What is needed ->
Copy the data below exactly, but not the pictures it contains.

START Records to process

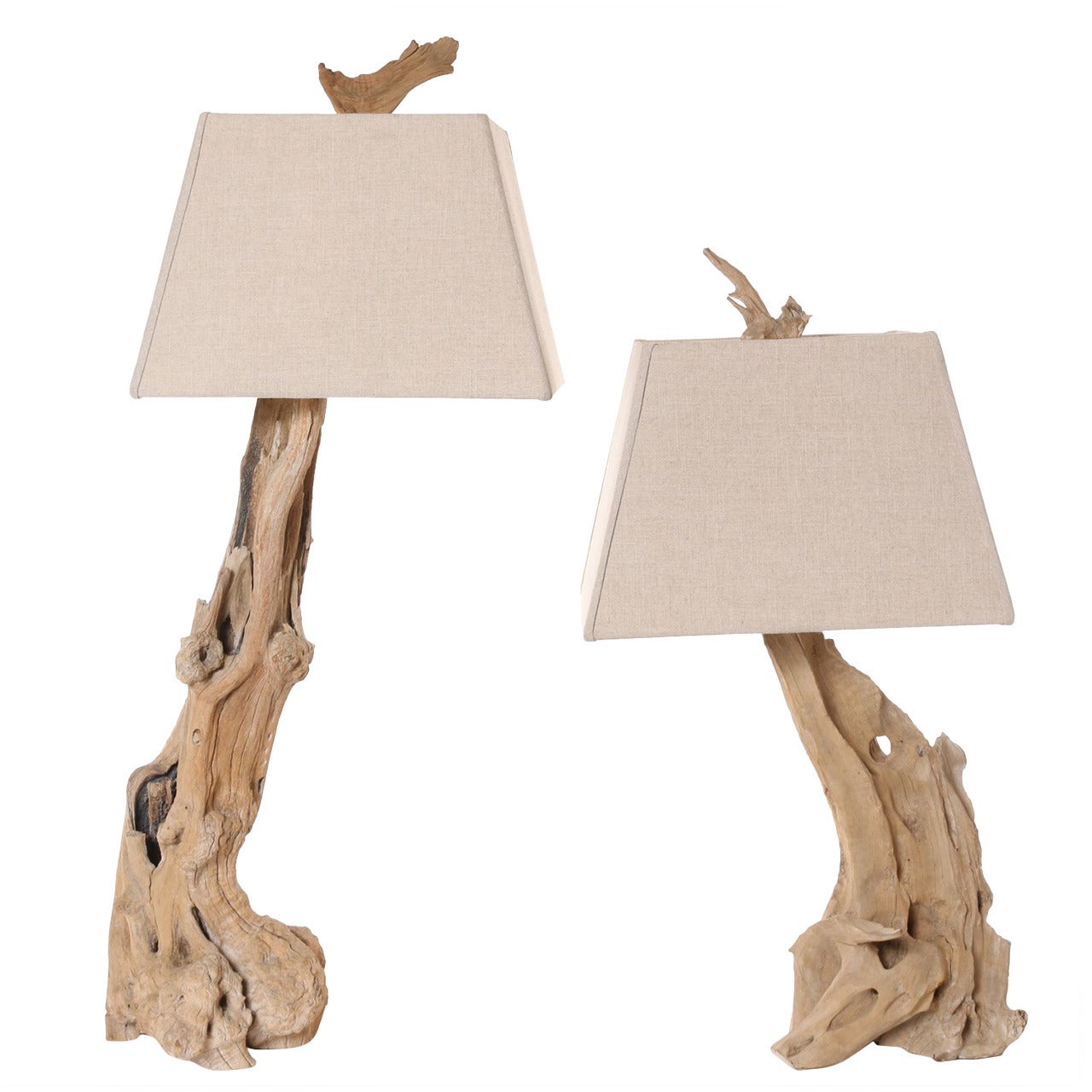 Sculpted by the Wind, Pair of Bristlecone Pine Tree Wooden Lamps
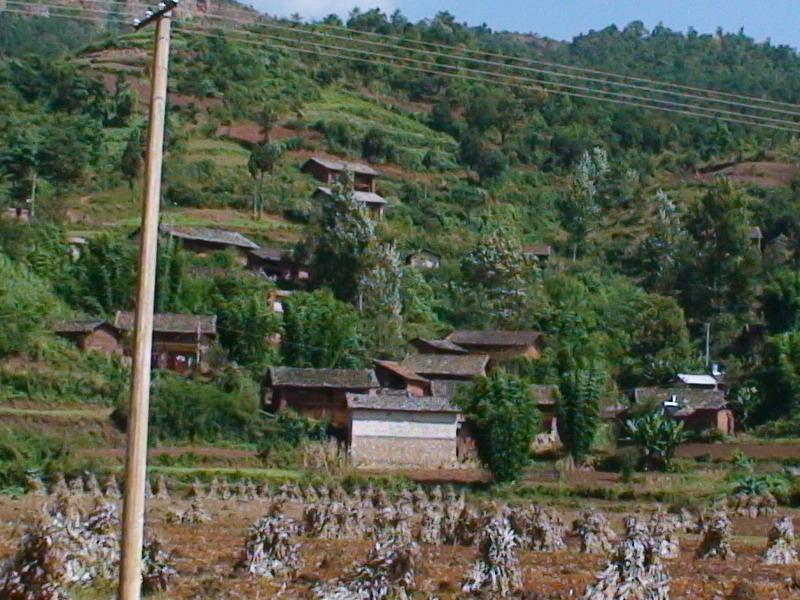 陆元箐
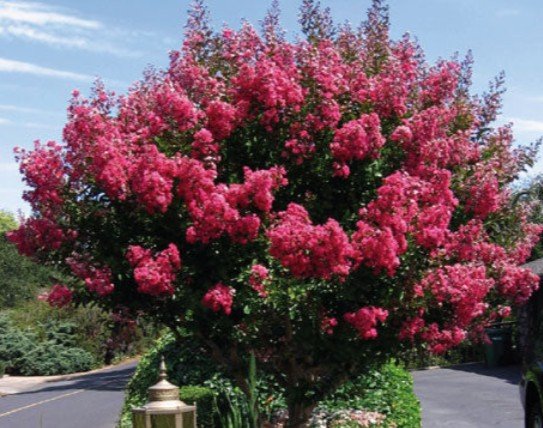 Screenshot-2026-02-20-103556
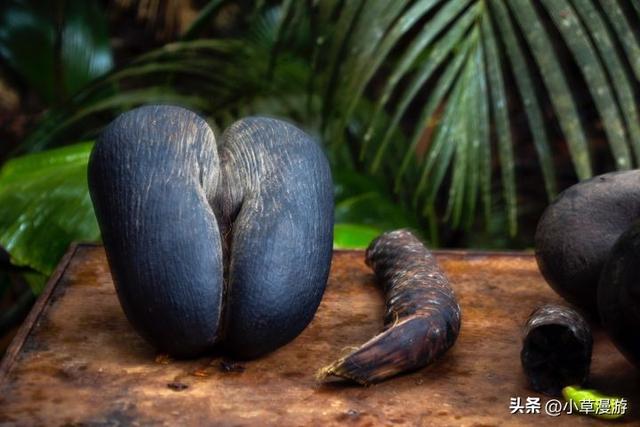 全球10个绝美海岛旅游攻略，16座美出天际的海岛(30)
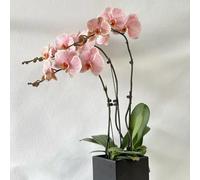 Orchidee Phalaenopsis - vecchie varietà selvatici in vaso 500semi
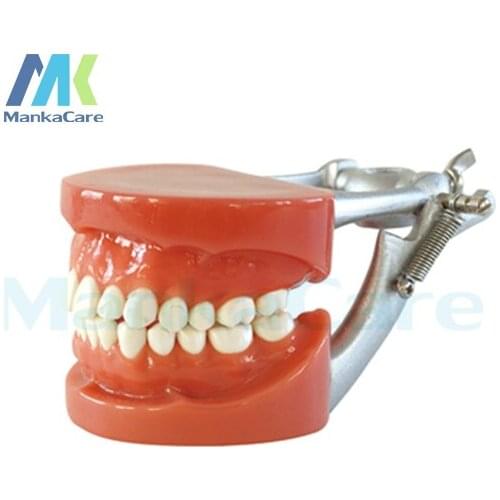 Manka Care - Standard Model/28 pcs Tooth/Hard Gum/Wax fixed/DP Articulator Oral Model Teeth Tooth Model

END Records to process

Written response ->
 Sculpted by the Wind, Pair of Bristlecone Pine Tree Wooden Lamps
 陆元箐
 Screenshot-2026-02-20-103556
 全球10个绝美海岛旅游攻略，16座美出天际的海岛(30)
 Orchidee Phalaenopsis - vecchie varietà selvatici in vaso 500semi
 Manka Care - Standard Model/28 pcs Tooth/Hard Gum/Wax fixed/DP Articulator Oral Model Teeth Tooth Model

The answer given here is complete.